Segment Start: SOURCE DATA

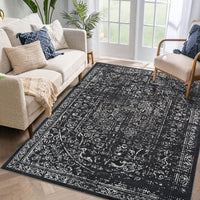 Garvee Vintage Area Rug, 4x6 Stain Resistant Carpet Non Shedding Non-Slip Soft Rug Bedroom Dining Room or Home Office, Low Pile Farmhouse Oriental Indoor Floor Carpet Black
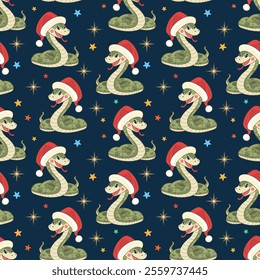 Seamless pattern of a cute snake in a Christmas hat. The green wooden snake is a symbol of the 2025 new year. Vector illustration. It can be used in web design, packaging, wallpaper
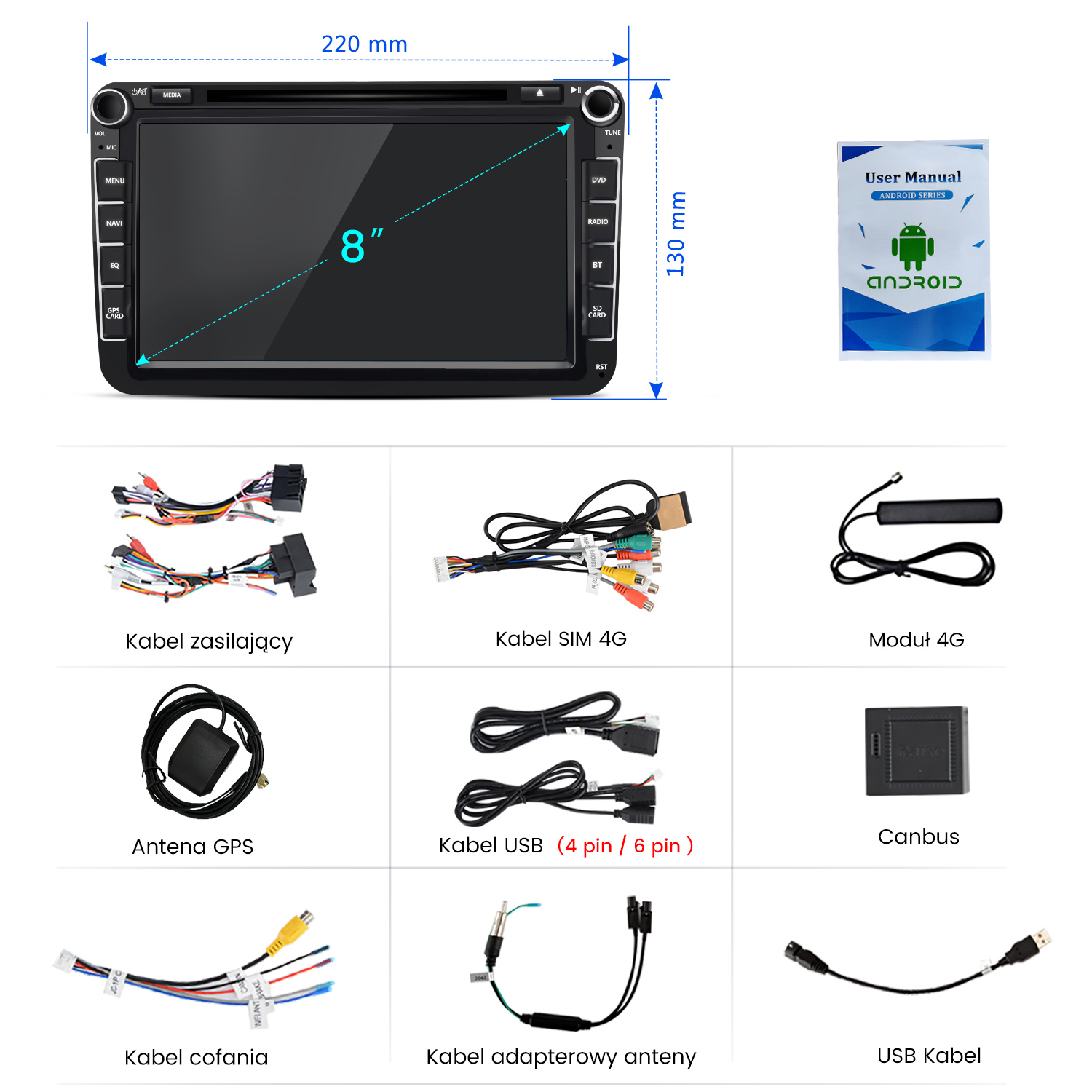 8-calowy radio samochodowe Android z akcesoriami: kable, antena, instrukcja.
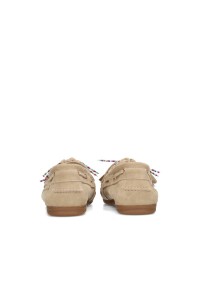 Back view of beige suede moccasin loafers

Segment End: SOURCE DATA

If pictures appear in the data, do not print them; repeat the rest exactly.

 Garvee Vintage Area Rug, 4x6 Stain Resistant Carpet Non Shedding Non-Slip Soft Rug Bedroom Dining Room or Home Office, Low Pile Farmhouse Oriental Indoor Floor Carpet Black
 Seamless pattern of a cute snake in a Christmas hat. The green wooden snake is a symbol of the 2025 new year. Vector illustration. It can be used in web design, packaging, wallpaper
 8-calowy radio samochodowe Android z akcesoriami: kable, antena, instrukcja.
 Back view of beige suede moccasin loafers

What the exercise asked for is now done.